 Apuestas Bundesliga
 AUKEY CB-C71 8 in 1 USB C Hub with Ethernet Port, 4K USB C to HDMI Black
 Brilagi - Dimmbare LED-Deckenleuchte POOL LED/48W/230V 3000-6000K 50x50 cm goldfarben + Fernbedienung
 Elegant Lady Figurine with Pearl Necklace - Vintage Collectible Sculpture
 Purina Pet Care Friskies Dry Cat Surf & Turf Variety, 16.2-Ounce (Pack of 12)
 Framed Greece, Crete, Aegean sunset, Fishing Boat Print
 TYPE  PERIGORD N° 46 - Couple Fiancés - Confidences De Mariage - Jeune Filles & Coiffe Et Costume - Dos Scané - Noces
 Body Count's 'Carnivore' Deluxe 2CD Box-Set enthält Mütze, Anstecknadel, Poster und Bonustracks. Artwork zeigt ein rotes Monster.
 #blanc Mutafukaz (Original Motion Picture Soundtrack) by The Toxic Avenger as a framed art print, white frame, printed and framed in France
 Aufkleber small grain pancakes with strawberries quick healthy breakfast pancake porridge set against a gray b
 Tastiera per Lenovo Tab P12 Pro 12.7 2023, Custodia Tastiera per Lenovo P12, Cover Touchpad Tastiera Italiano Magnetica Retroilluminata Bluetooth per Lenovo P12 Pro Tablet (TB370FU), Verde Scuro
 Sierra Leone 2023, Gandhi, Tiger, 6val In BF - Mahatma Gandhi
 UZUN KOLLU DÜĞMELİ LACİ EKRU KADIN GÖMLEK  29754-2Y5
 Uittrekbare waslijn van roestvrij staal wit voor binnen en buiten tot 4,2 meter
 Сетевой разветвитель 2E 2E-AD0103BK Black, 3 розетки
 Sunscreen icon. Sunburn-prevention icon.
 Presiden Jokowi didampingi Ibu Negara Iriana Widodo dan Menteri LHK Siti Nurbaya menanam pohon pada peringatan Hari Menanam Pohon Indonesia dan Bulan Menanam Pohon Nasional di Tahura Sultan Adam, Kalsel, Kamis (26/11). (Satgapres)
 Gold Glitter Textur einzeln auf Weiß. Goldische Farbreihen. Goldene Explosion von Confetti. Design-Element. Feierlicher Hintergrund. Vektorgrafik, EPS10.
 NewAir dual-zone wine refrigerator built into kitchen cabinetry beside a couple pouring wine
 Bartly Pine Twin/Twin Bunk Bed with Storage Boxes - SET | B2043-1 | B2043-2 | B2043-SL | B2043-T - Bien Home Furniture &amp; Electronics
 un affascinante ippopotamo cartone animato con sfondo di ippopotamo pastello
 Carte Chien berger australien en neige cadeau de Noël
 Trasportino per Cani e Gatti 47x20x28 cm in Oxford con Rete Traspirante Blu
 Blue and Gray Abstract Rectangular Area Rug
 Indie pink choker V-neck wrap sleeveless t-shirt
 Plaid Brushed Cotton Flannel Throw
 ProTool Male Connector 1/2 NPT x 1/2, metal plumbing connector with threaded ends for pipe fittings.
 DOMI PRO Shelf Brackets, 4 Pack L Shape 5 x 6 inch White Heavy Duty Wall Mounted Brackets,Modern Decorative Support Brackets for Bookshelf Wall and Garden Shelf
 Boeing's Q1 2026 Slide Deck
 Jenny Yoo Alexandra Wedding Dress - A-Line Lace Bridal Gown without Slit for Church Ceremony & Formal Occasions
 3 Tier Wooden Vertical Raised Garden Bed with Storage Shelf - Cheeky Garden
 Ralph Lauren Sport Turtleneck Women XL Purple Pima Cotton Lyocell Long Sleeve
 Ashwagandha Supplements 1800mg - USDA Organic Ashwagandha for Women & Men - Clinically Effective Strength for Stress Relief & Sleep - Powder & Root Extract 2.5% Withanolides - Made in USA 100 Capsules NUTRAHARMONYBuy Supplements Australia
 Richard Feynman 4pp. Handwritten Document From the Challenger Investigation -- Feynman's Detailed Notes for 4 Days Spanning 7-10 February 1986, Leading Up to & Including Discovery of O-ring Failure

◇ ◇ ◇ ◇

[Task statement] Copy exactly the lines that run from the first line of the data to the line containing "NewAir dual-zone wine", please, with both ends included and nothing else.

[Answer to the problem]
 Apuestas Bundesliga
 AUKEY CB-C71 8 in 1 USB C Hub with Ethernet Port, 4K USB C to HDMI Black
 Brilagi - Dimmbare LED-Deckenleuchte POOL LED/48W/230V 3000-6000K 50x50 cm goldfarben + Fernbedienung
 Elegant Lady Figurine with Pearl Necklace - Vintage Collectible Sculpture
 Purina Pet Care Friskies Dry Cat Surf & Turf Variety, 16.2-Ounce (Pack of 12)
 Framed Greece, Crete, Aegean sunset, Fishing Boat Print
 TYPE  PERIGORD N° 46 - Couple Fiancés - Confidences De Mariage - Jeune Filles & Coiffe Et Costume - Dos Scané - Noces
 Body Count's 'Carnivore' Deluxe 2CD Box-Set enthält Mütze, Anstecknadel, Poster und Bonustracks. Artwork zeigt ein rotes Monster.
 #blanc Mutafukaz (Original Motion Picture Soundtrack) by The Toxic Avenger as a framed art print, white frame, printed and framed in France
 Aufkleber small grain pancakes with strawberries quick healthy breakfast pancake porridge set against a gray b
 Tastiera per Lenovo Tab P12 Pro 12.7 2023, Custodia Tastiera per Lenovo P12, Cover Touchpad Tastiera Italiano Magnetica Retroilluminata Bluetooth per Lenovo P12 Pro Tablet (TB370FU), Verde Scuro
 Sierra Leone 2023, Gandhi, Tiger, 6val In BF - Mahatma Gandhi
 UZUN KOLLU DÜĞMELİ LACİ EKRU KADIN GÖMLEK  29754-2Y5
 Uittrekbare waslijn van roestvrij staal wit voor binnen en buiten tot 4,2 meter
 Сетевой разветвитель 2E 2E-AD0103BK Black, 3 розетки
 Sunscreen icon. Sunburn-prevention icon.
 Presiden Jokowi didampingi Ibu Negara Iriana Widodo dan Menteri LHK Siti Nurbaya menanam pohon pada peringatan Hari Menanam Pohon Indonesia dan Bulan Menanam Pohon Nasional di Tahura Sultan Adam, Kalsel, Kamis (26/11). (Satgapres)
 Gold Glitter Textur einzeln auf Weiß. Goldische Farbreihen. Goldene Explosion von Confetti. Design-Element. Feierlicher Hintergrund. Vektorgrafik, EPS10.
 NewAir dual-zone wine refrigerator built into kitchen cabinetry beside a couple pouring wine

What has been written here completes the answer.